As others have pointed in this thread, there's NestJS, Sails.js and AdonisJS, which are closer to Rails than Express or Next.js. And there's Meteor too, like the sibling post mentioned.

But to be fair 99% of JS backends I see are using Express (or AWS Lambda). Considering there's lots of choices I wonder if the problem is the fact the community never focused on a single solution. I wonder if a Merb/Rails-style merge between some of them would help that.


Love using NestJS. It's true that most places are stuck using express for whatever reason so you have to be a bit ahead of the pack.


RedwoodJS may be something you want to check out.

https://redwoodjs.com/


Yes, RedwoodJS seems like Rails for JavaScript.

Recently I’ve also been impressed with Remix that was mentioned in the article. It seems to have solved the client server code duplication problem while still offering the benefits of both.


Without knowing if it's possible, I really want to see a RedwoodJS w/ Remix proof-of-concept.


That would be awesome.


Agreed, I think it is the explicit goal of the project to get that same batteries included feeling of Django/Rails


> I’ve yet to see anything in Node that feels like a stable 1:1 replacement

I’m not sure why there should be; for people who are happy with “good enough” default choices for a web app, Rails exists and makes the choice “Ruby” when it comes to language.

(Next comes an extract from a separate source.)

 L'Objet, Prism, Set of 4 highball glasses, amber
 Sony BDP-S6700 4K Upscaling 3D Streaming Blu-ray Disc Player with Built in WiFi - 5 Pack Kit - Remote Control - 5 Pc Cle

Definitely some exciting stuff like Redwood and Wasp working to solve these problems. I always loved what Meteor tried to do for this, though the JS ecosystem sort of evolved in a different direction.


Do most people use Django as a server-side framework (no frontend-JS or very minimal JS, may be jQuery)? Or, is it mostly used as an API to interact with the React/Angular/etc front-end framework? What I am trying to get at is do people still build POST-redirect-GET patterns and such for form submissions or they use Django in a more 'modern' way?


From my recent foray into modern Django world, most simple projects and MVP start out as server side like the official guide. Then, when people need some extra frontend magic like React and/or SPA, it's pretty easy to insert into Django. You just include the bundled React/Vue app into a js script still included and served by the same Django route/view/template. Of course, it's also common to start transitioning to Django Rest Framework (DRF) as your API points.


You can use either or both... server-side comes out of the box, and is used by the getting started tutorial. API-based is also very common using django-rest-framework.

I'd say it is still a mix of both and both paths are well-supported and well-maintained.